Task statement
From the line containing "Louis Vuitton x" through the last line of the data, both ends included, write out every line exactly; omit the pictures.

((

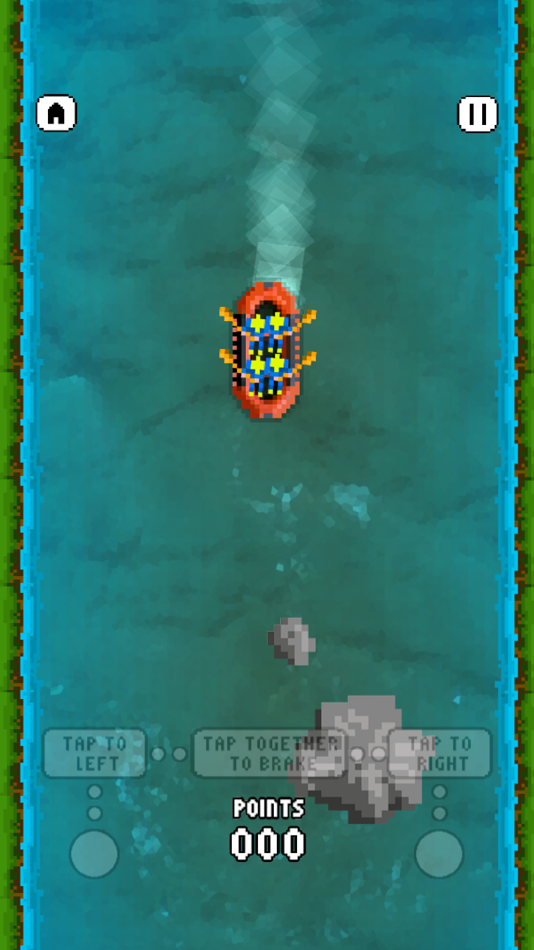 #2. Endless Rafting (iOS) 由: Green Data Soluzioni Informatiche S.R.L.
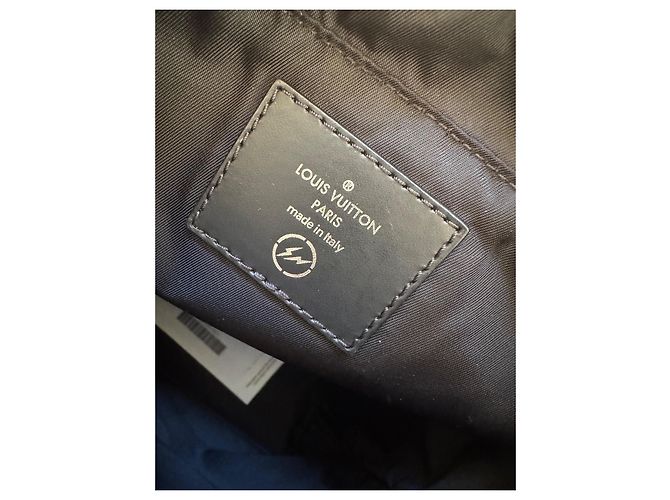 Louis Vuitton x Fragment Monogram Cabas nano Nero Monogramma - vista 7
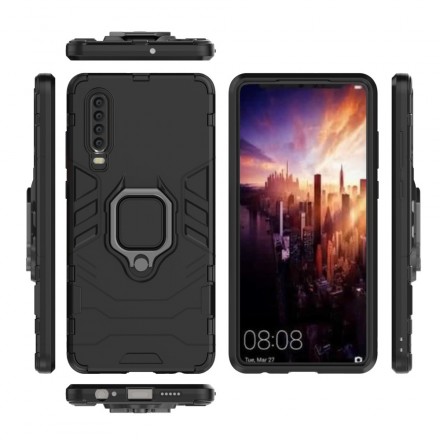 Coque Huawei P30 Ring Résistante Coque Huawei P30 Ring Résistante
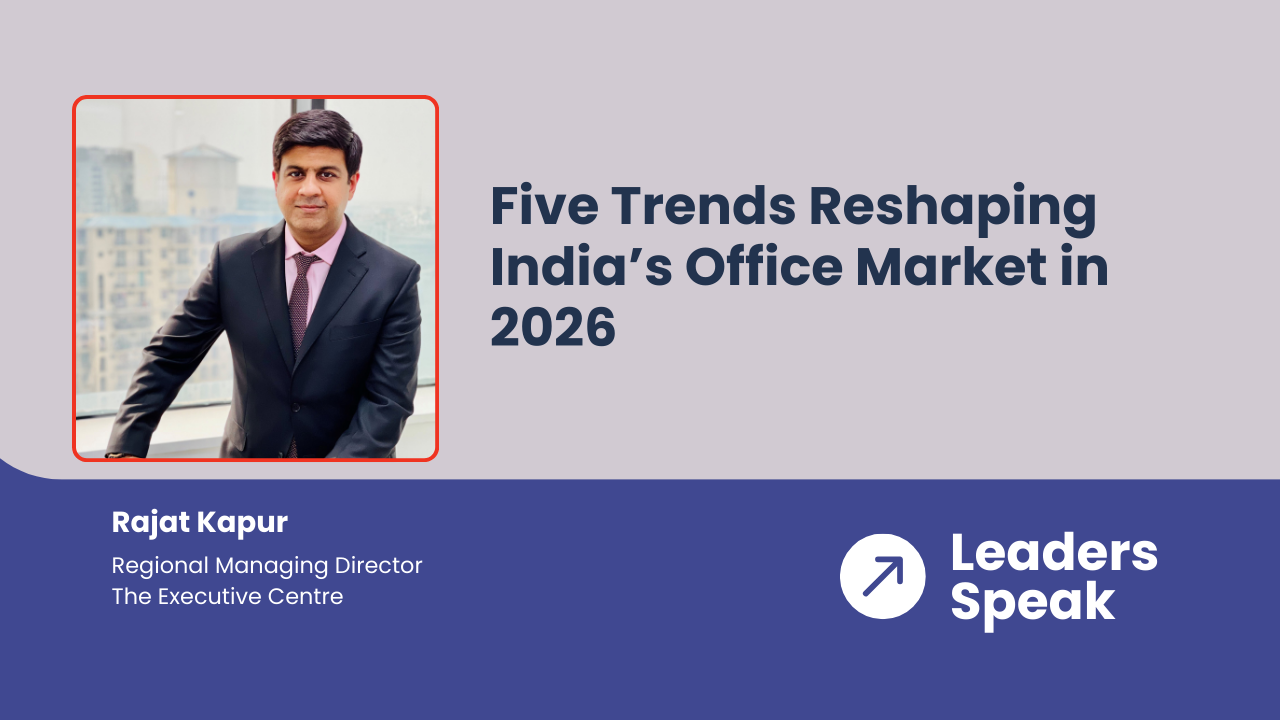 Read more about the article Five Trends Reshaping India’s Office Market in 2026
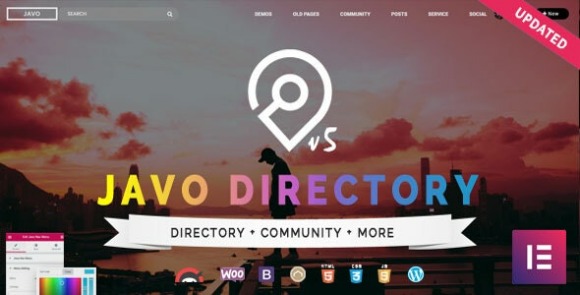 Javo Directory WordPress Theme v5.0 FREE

))

Result
 Louis Vuitton x Fragment Monogram Cabas nano Nero Monogramma - vista 7
 Coque Huawei P30 Ring Résistante Coque Huawei P30 Ring Résistante
 Read more about the article Five Trends Reshaping India’s Office Market in 2026
 Javo Directory WordPress Theme v5.0 FREE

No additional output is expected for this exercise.